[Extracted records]
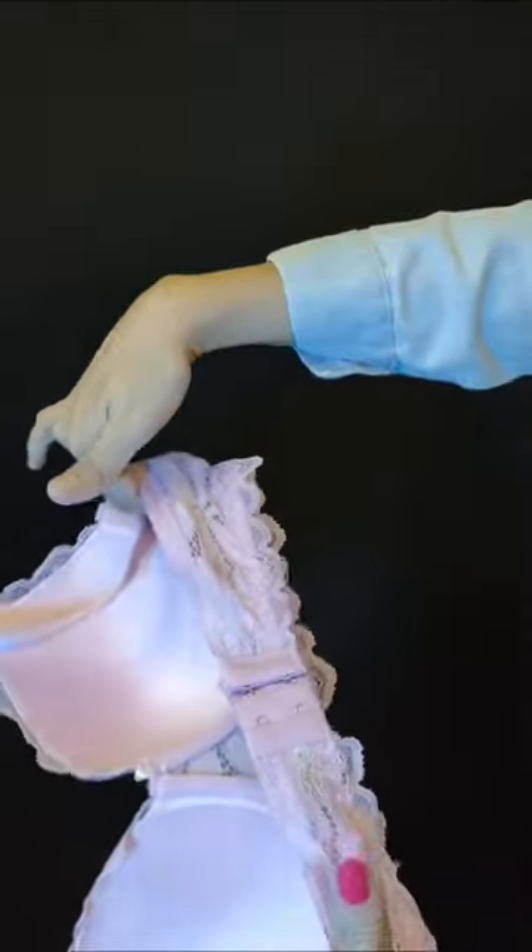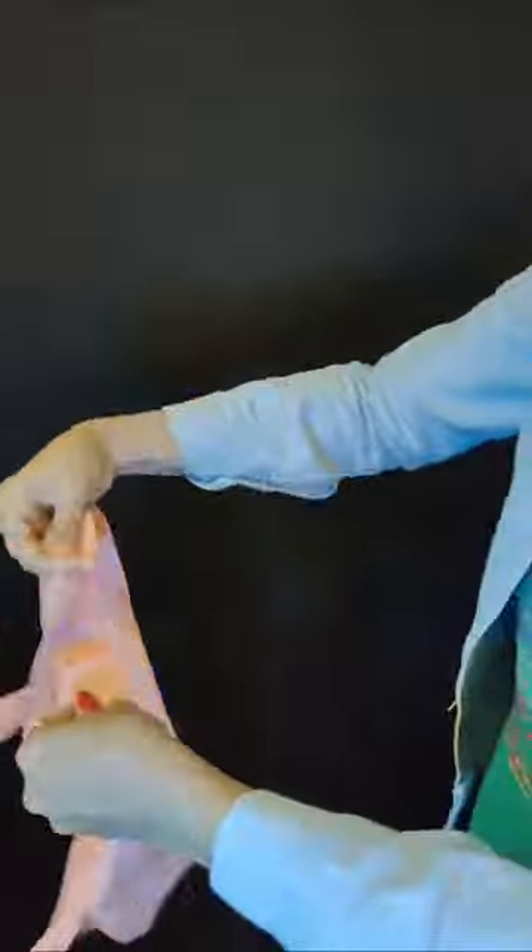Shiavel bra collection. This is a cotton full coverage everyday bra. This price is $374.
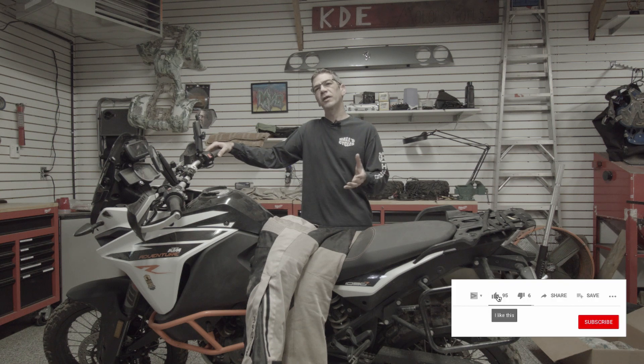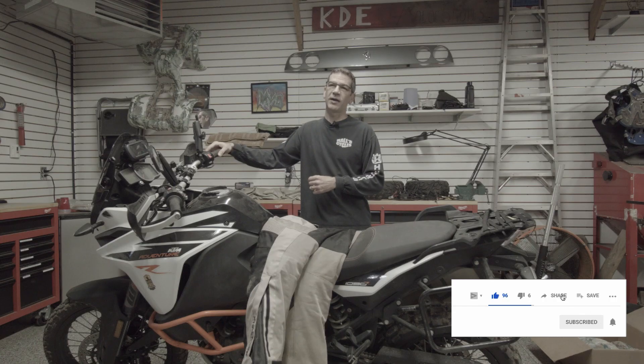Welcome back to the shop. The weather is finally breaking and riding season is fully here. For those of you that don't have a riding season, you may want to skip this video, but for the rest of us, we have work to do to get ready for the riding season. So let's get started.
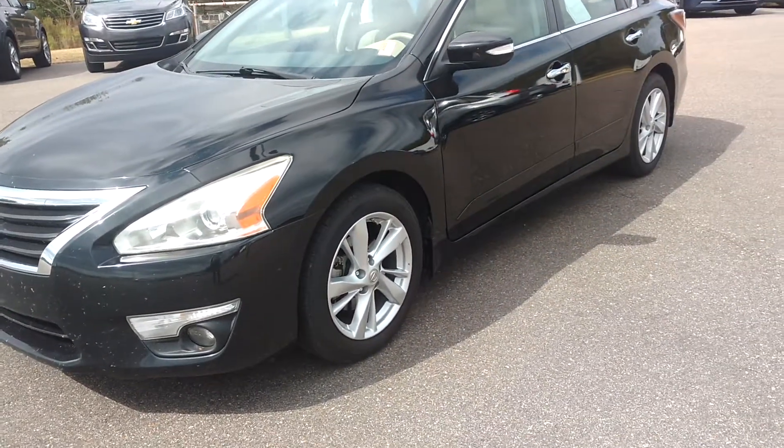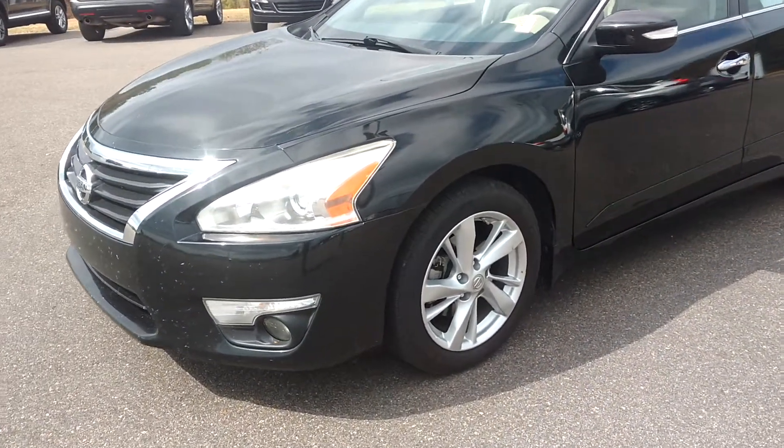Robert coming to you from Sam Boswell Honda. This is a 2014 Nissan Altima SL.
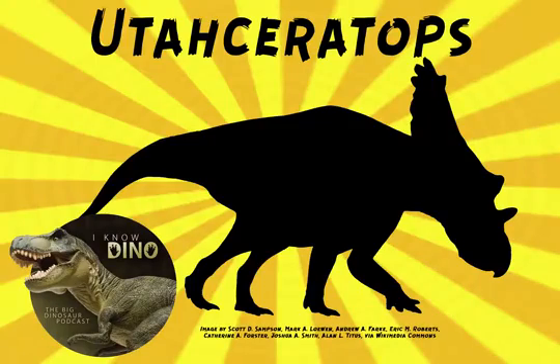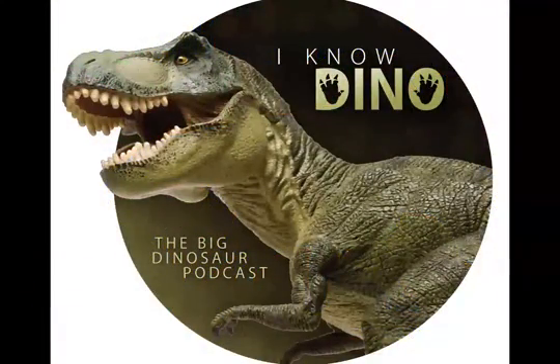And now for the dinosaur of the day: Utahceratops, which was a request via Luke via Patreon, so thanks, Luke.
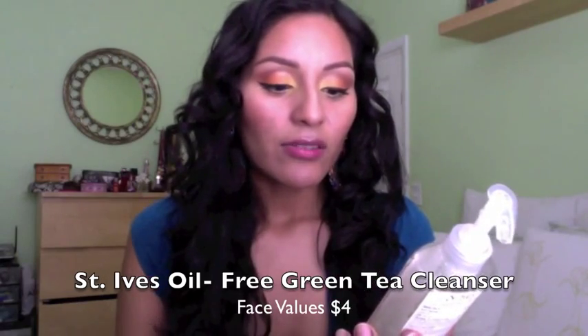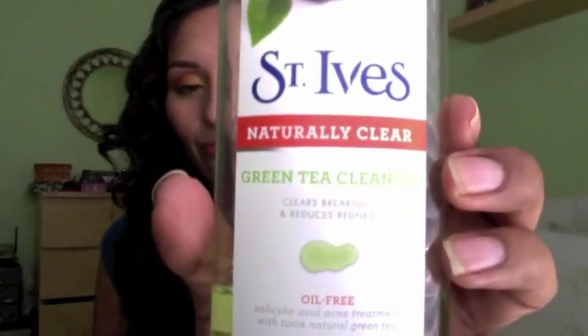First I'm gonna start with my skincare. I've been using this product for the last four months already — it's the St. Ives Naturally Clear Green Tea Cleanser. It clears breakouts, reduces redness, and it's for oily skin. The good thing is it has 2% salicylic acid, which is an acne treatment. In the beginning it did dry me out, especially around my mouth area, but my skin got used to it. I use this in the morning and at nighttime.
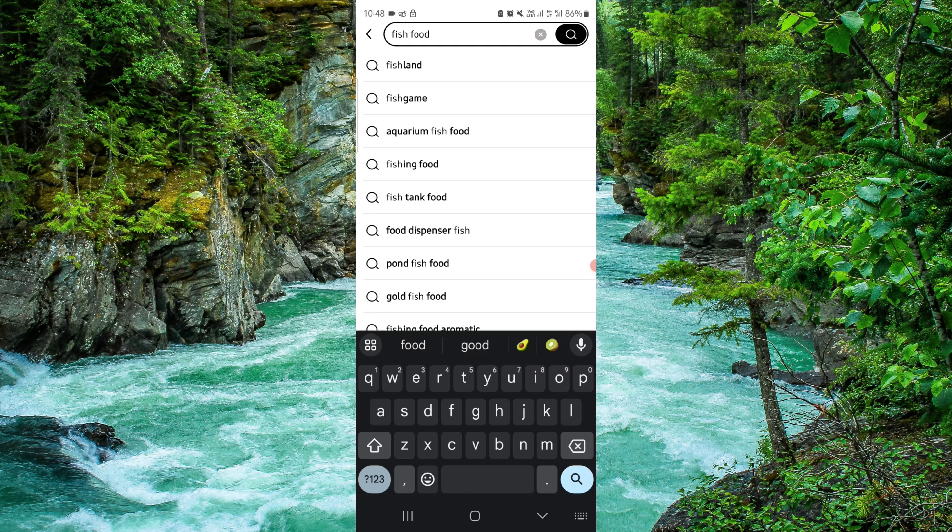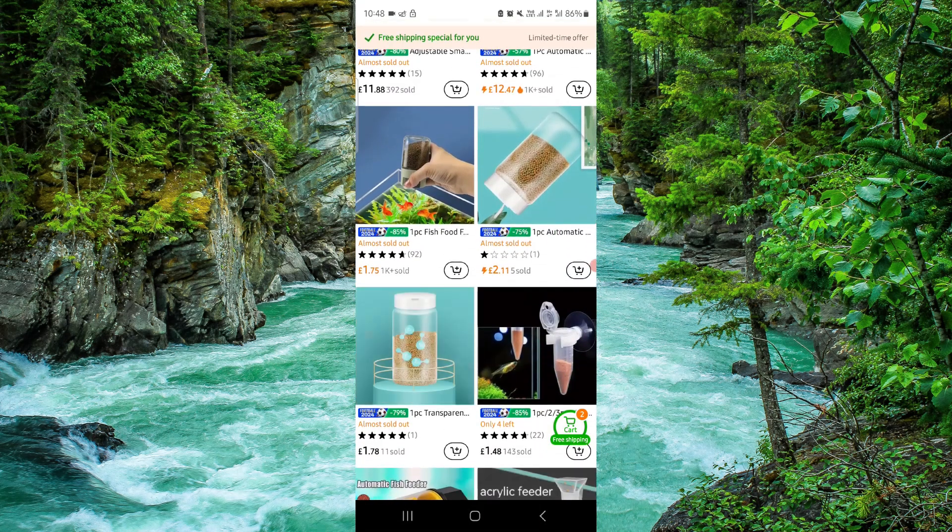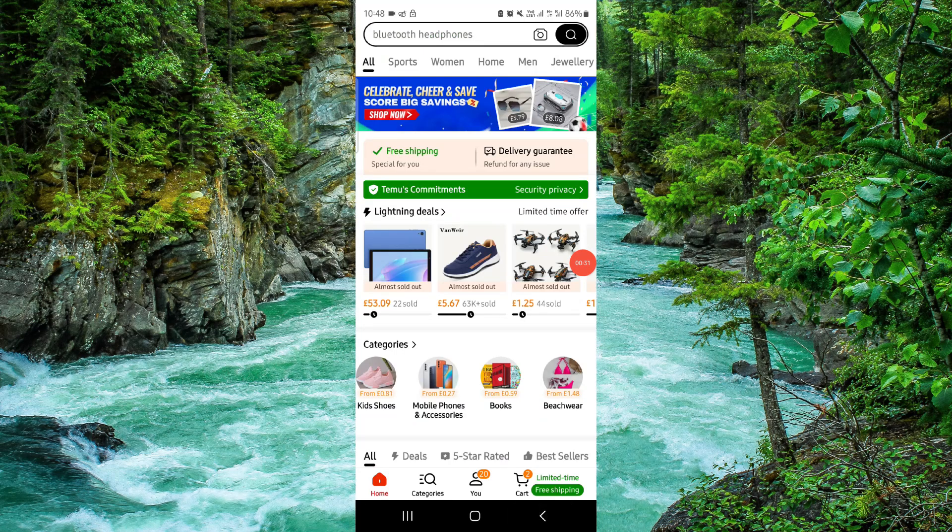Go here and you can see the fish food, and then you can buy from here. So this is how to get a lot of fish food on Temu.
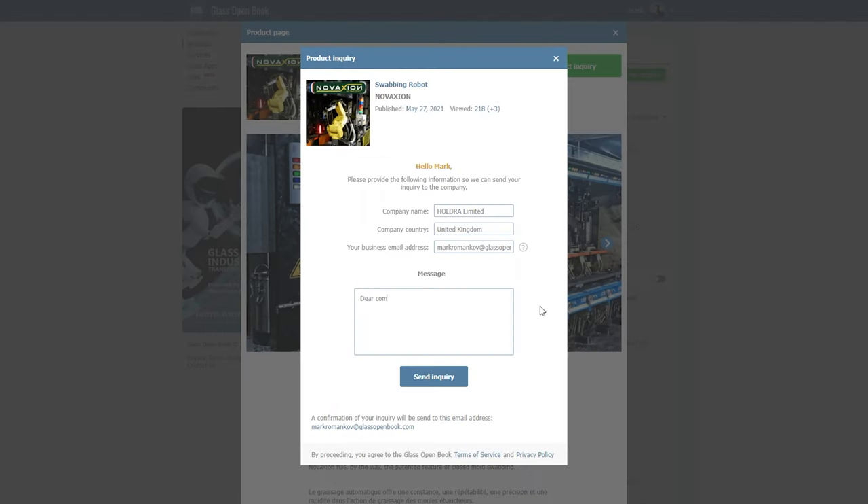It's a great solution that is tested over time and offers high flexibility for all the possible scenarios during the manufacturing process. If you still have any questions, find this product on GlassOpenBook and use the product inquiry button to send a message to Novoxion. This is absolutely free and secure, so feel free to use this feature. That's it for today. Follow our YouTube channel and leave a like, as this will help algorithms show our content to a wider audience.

WORK TO COMPLETE: Using the entries above, reproduce word for word only the lines from the one that contains "First I'm gonna" to the one that contains "Go here and", both ends included, and drop every picture.

SOLUTION:
First I'm gonna start with my skincare. I've been using this product for the last four months already — it's the St. Ives Naturally Clear Green Tea Cleanser. It clears breakouts, reduces redness, and it's for oily skin. The good thing is it has 2% salicylic acid, which is an acne treatment. In the beginning it did dry me out, especially around my mouth area, but my skin got used to it. I use this in the morning and at nighttime.
Go here and you can see the fish food, and then you can buy from here. So this is how to get a lot of fish food on Temu.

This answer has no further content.